START MATERIAL FOR THE TASK

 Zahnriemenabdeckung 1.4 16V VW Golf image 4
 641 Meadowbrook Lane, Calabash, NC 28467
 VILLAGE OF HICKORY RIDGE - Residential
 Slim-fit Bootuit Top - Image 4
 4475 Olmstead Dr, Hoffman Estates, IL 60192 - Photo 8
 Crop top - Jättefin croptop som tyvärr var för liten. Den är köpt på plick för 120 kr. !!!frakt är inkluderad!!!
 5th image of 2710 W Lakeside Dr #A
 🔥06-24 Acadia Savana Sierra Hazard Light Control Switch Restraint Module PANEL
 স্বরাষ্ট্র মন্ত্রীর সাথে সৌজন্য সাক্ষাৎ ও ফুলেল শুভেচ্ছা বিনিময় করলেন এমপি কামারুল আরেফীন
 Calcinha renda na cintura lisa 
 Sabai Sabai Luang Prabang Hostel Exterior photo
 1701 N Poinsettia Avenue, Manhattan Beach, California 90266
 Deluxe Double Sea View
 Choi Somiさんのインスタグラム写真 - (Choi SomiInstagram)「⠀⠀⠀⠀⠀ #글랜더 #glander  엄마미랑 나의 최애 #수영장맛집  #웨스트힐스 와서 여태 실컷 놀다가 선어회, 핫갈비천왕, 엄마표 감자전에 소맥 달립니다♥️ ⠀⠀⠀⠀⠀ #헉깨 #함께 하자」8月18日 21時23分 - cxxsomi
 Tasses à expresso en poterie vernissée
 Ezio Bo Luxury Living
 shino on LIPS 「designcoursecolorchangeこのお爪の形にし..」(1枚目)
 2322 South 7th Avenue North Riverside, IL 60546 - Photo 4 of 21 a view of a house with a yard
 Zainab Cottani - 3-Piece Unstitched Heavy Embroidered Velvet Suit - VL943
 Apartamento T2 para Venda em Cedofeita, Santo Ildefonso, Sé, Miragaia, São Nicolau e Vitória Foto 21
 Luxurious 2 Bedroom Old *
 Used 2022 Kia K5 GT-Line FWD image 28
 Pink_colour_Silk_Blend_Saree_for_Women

END MATERIAL FOR THE TASK

- [WHAT IS NEEDED]
Exactly reproduce the line containing "Deluxe Double Sea View" and all lines after it in the material, stopping only at the end.

- [ANSWER SECTION]
 Deluxe Double Sea View
 Choi Somiさんのインスタグラム写真 - (Choi SomiInstagram)「⠀⠀⠀⠀⠀ #글랜더 #glander  엄마미랑 나의 최애 #수영장맛집  #웨스트힐스 와서 여태 실컷 놀다가 선어회, 핫갈비천왕, 엄마표 감자전에 소맥 달립니다♥️ ⠀⠀⠀⠀⠀ #헉깨 #함께 하자」8月18日 21時23分 - cxxsomi
 Tasses à expresso en poterie vernissée
 Ezio Bo Luxury Living
 shino on LIPS 「designcoursecolorchangeこのお爪の形にし..」(1枚目)
 2322 South 7th Avenue North Riverside, IL 60546 - Photo 4 of 21 a view of a house with a yard
 Zainab Cottani - 3-Piece Unstitched Heavy Embroidered Velvet Suit - VL943
 Apartamento T2 para Venda em Cedofeita, Santo Ildefonso, Sé, Miragaia, São Nicolau e Vitória Foto 21
 Luxurious 2 Bedroom Old *
 Used 2022 Kia K5 GT-Line FWD image 28
 Pink_colour_Silk_Blend_Saree_for_Women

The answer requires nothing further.